Secular democracy with its basis of popular sovereignty has yet to be challenged effectively, the modern day equivalent of the emperor with no clothes. Most western leaders believe that it is political heresy to even question the suitability of secular democracy believing in it’s absolute universality However as Pat Buchanan a prominent American commentator correctly observes, "democracy-worship suggests a childlike belief in the wisdom and goodness of the people." For instance a majority of Americans in the south in the nineteenth century supported slavery and a majority of the German people elected Hitler and if opinion polls are to be believed a majority support the draconian anti terrorism legislation that has been passed since 2001. America’s founding fathers no more trusted the people than they did absolute monarchs. Hence the need for multiple checks and balances, an electoral college, a Supreme Court, an elected Senate to watch over the House of Representatives and the veto power of a President. Thomas Jefferson made it very clear what he thought about leaving it to the people when he said, “Hear no more of trust in men, but rather bind them down from mischief with the chains of the constitution.” How can democracy with its central tenet of popular sovereignty be seriously considered by the Muslim world when the very founding fathers of the US constitution were so dismissive of it?

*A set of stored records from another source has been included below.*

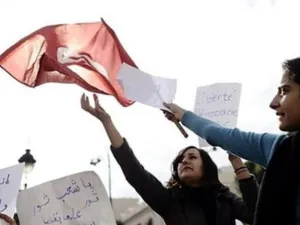 سقوط أول قتيل في  بتونس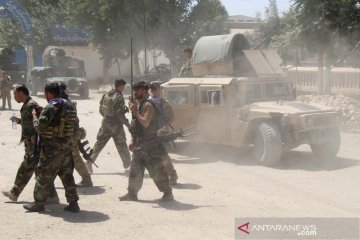 Taliban bunuh manajer radio Afghanistan, culik wartawan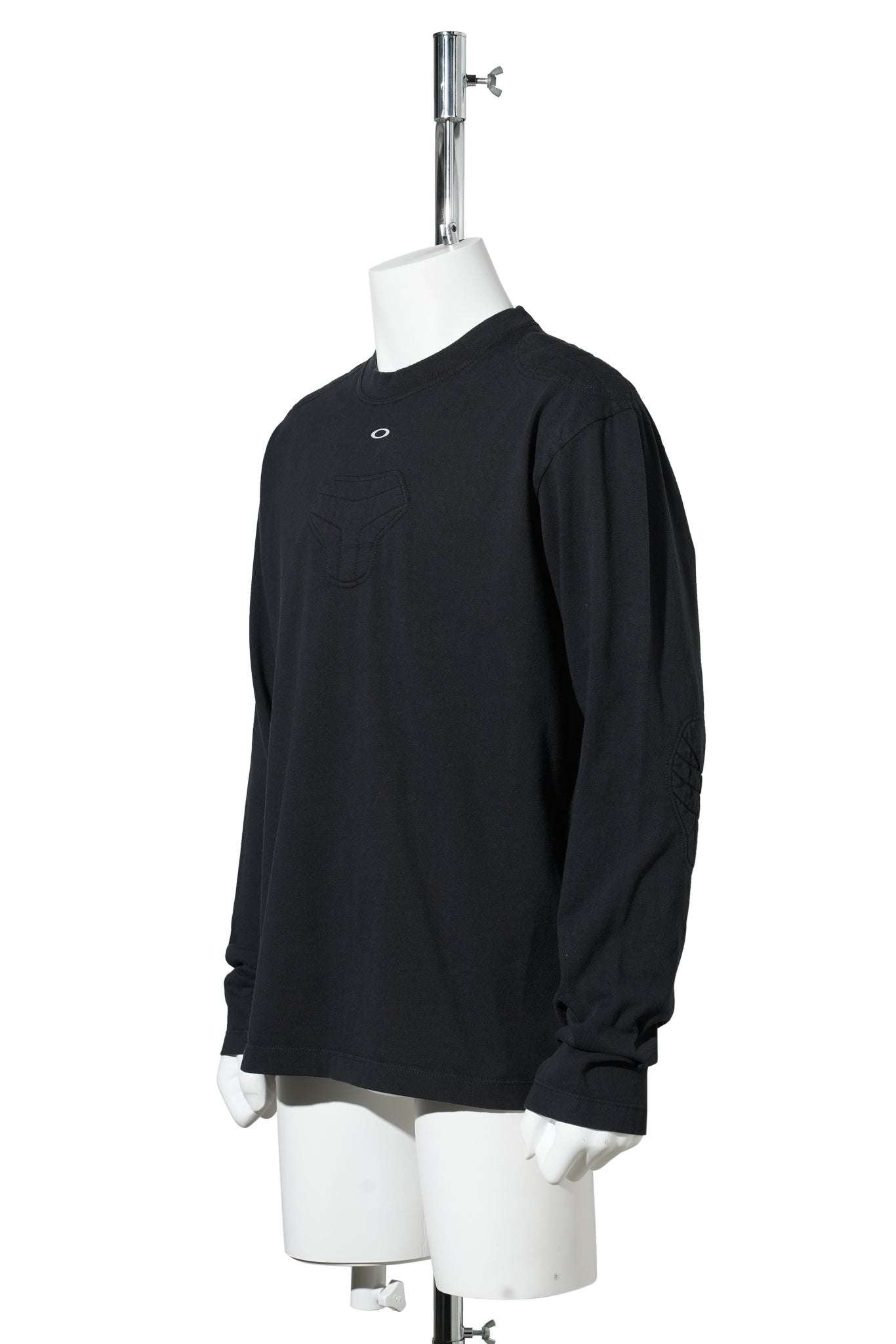 PADDED LONG SLEEVE T-SHIRT / BLACK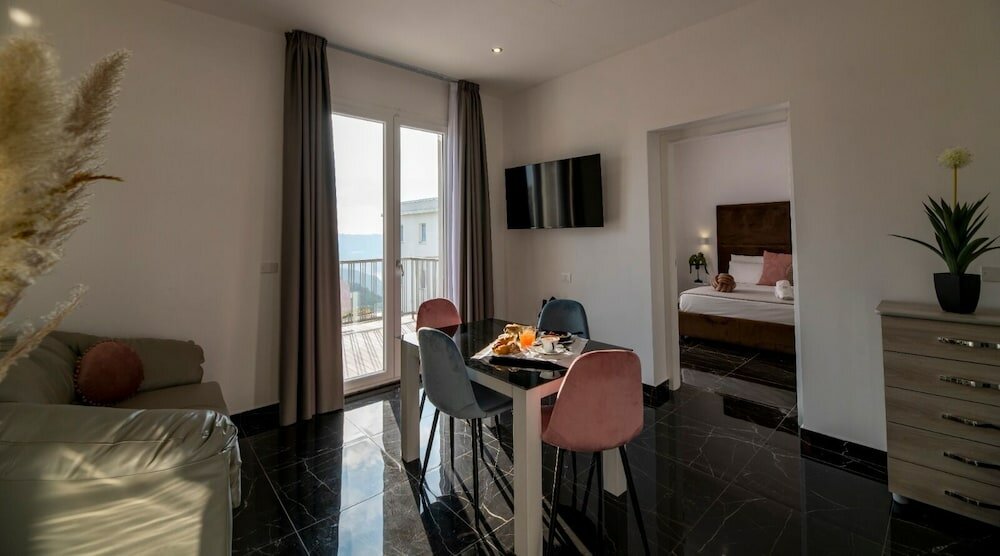 Фото Grand Hotel Serapide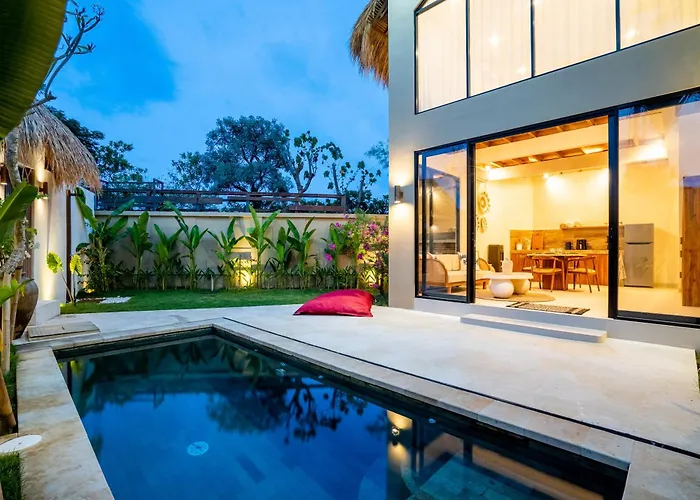 Villa Moma Complex *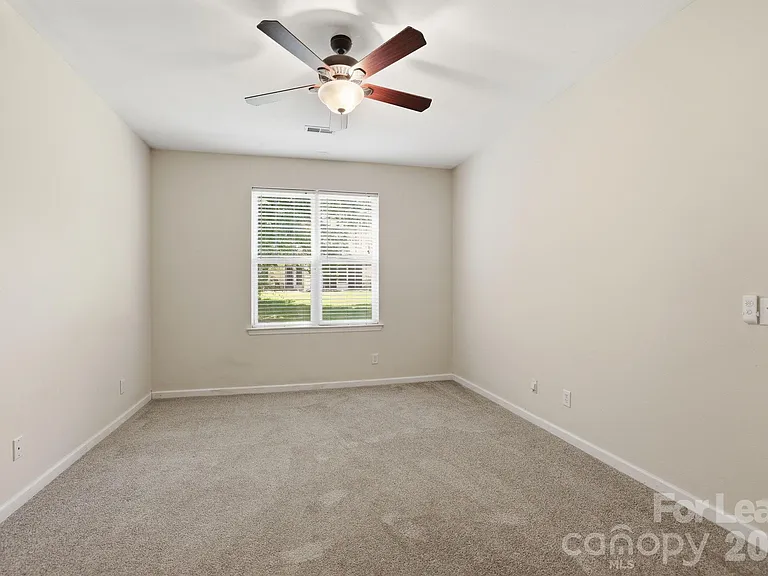10781 Essex Hall Dr — Photo 15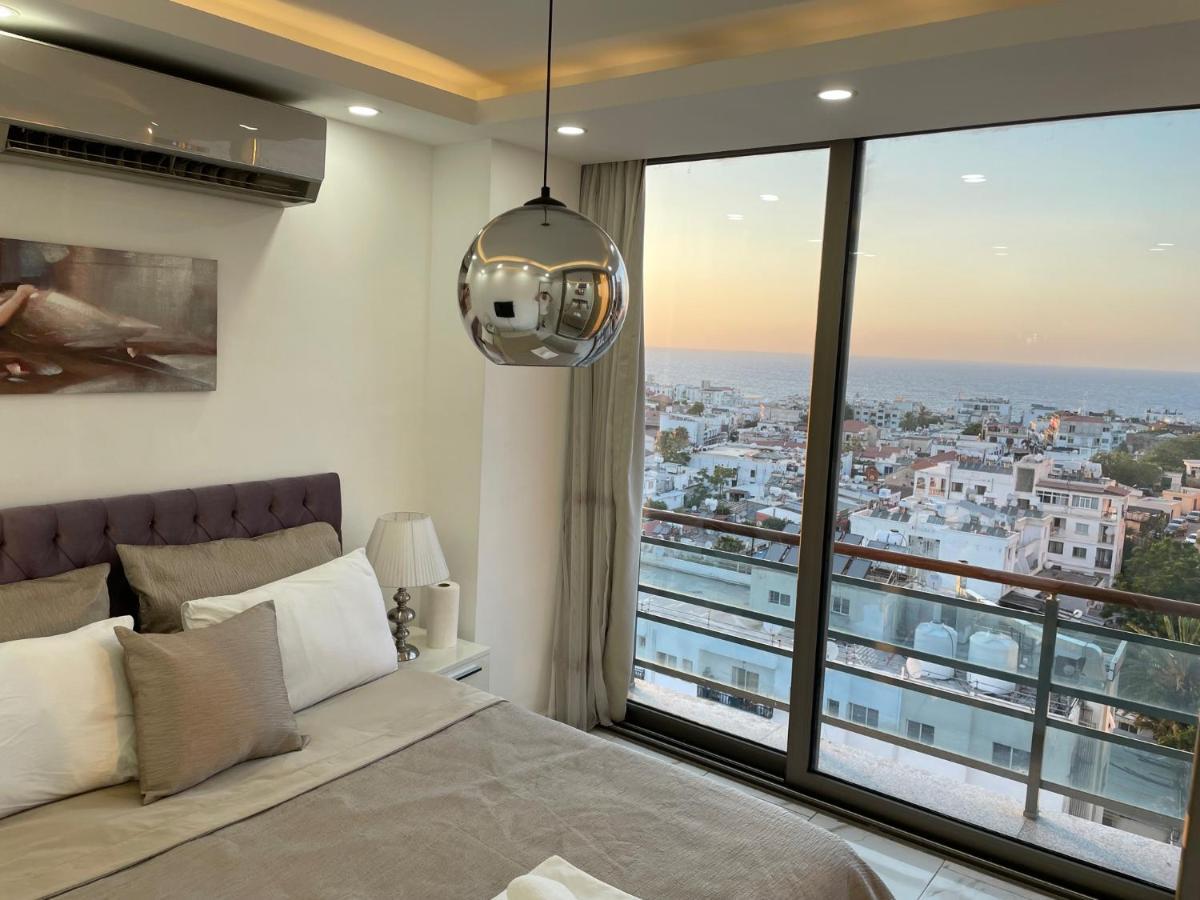 Elegant 2+1 Flat In The Heart Of Kyrenia + Wifi Apartment Екстериор снимка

It is the height of cultural hubris that only the west’s chosen political system, secular democracy can build an effective society. This view also ignores completely the fact that the Islamic political system, the Caliphate also delivers a system that can bring representation, accountability, a rule of law and which redistributes wealth. Yet despite centuries of evidence of Islam’s effective rule, and the abundant realities of secular democracy’s failings, many in the west still prefer to believe the emperor’s naked body remains fully clothed.
What Georgia, Lebanon, Ukraine, Pakistan, Russia and numerous other cases show us, is that secular democracy is simply not up to the test.